> _What you will do_
Images should be left out, and everything else in the listing reproduced exactly.

> _Records for the exercise_
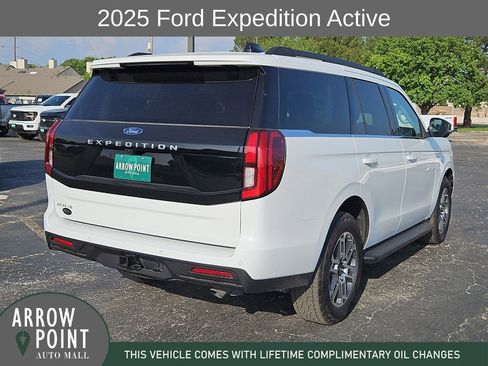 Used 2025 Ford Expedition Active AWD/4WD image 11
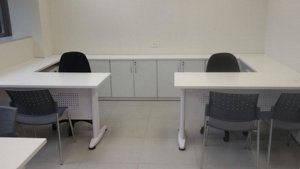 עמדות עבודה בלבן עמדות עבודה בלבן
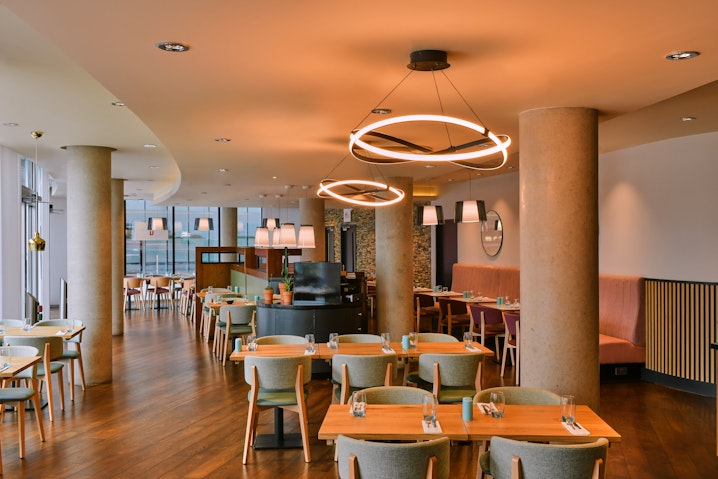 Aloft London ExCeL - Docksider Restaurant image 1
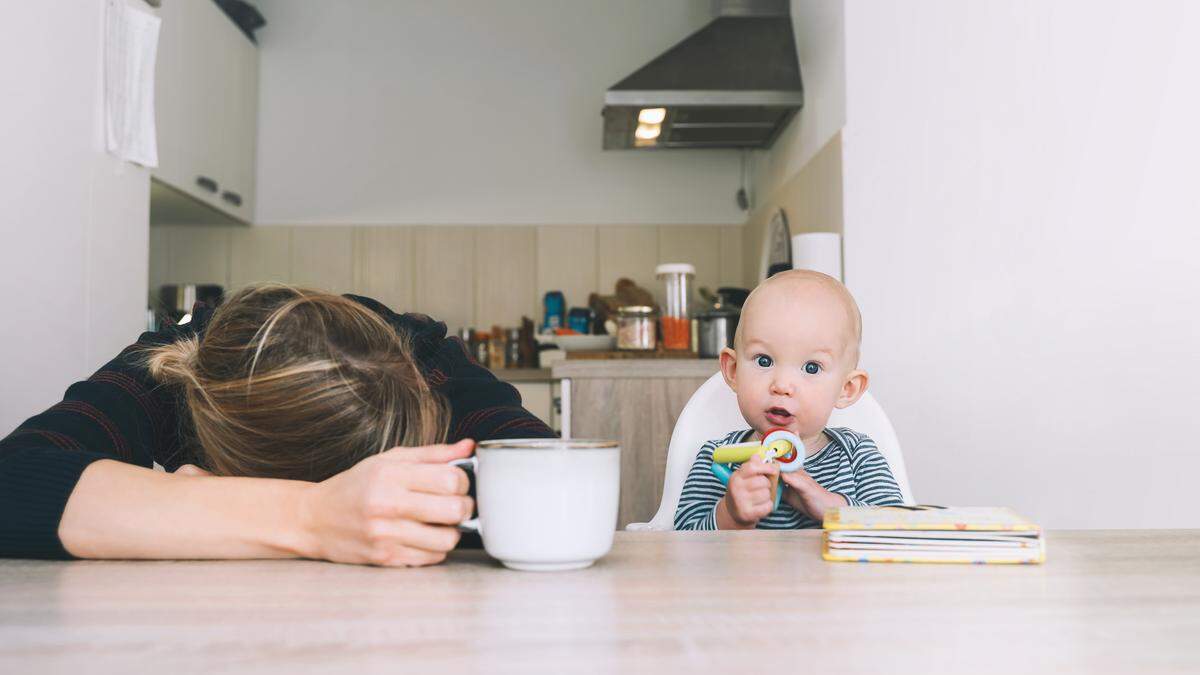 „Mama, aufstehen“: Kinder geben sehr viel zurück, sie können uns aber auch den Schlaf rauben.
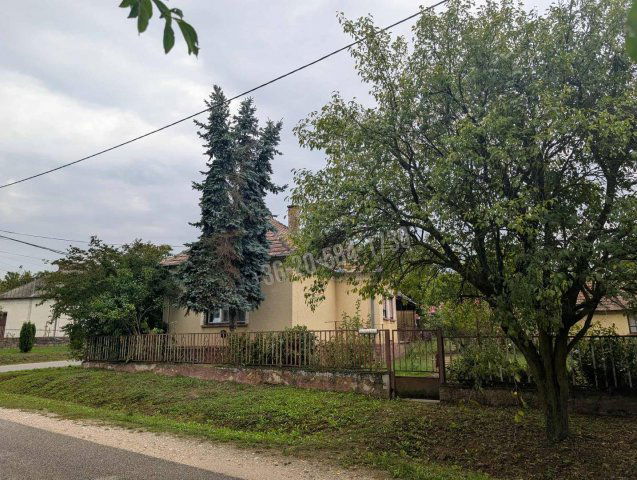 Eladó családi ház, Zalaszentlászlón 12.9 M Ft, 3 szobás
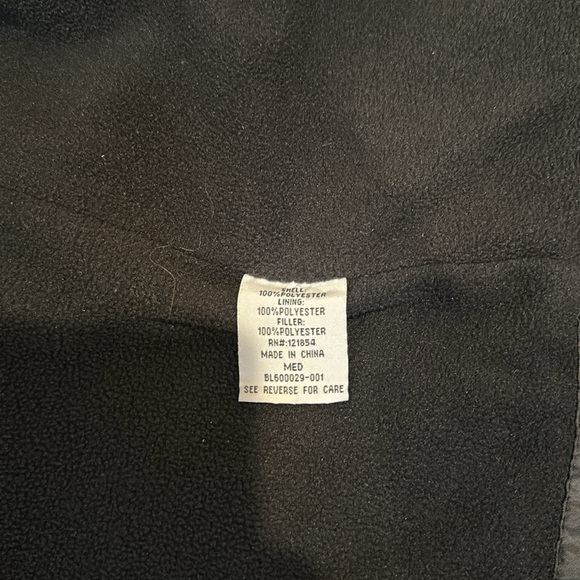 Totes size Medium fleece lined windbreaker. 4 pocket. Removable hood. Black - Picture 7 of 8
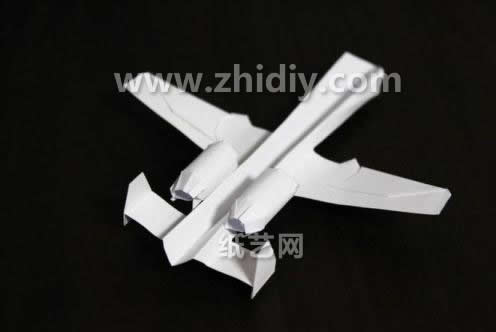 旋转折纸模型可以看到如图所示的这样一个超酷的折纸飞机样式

> _Solution to this exercise_
 Used 2025 Ford Expedition Active AWD/4WD image 11
 עמדות עבודה בלבן עמדות עבודה בלבן
 Aloft London ExCeL - Docksider Restaurant image 1
 „Mama, aufstehen“: Kinder geben sehr viel zurück, sie können uns aber auch den Schlaf rauben.
 Eladó családi ház, Zalaszentlászlón 12.9 M Ft, 3 szobás
 Totes size Medium fleece lined windbreaker. 4 pocket. Removable hood. Black - Picture 7 of 8
 旋转折纸模型可以看到如图所示的这样一个超酷的折纸飞机样式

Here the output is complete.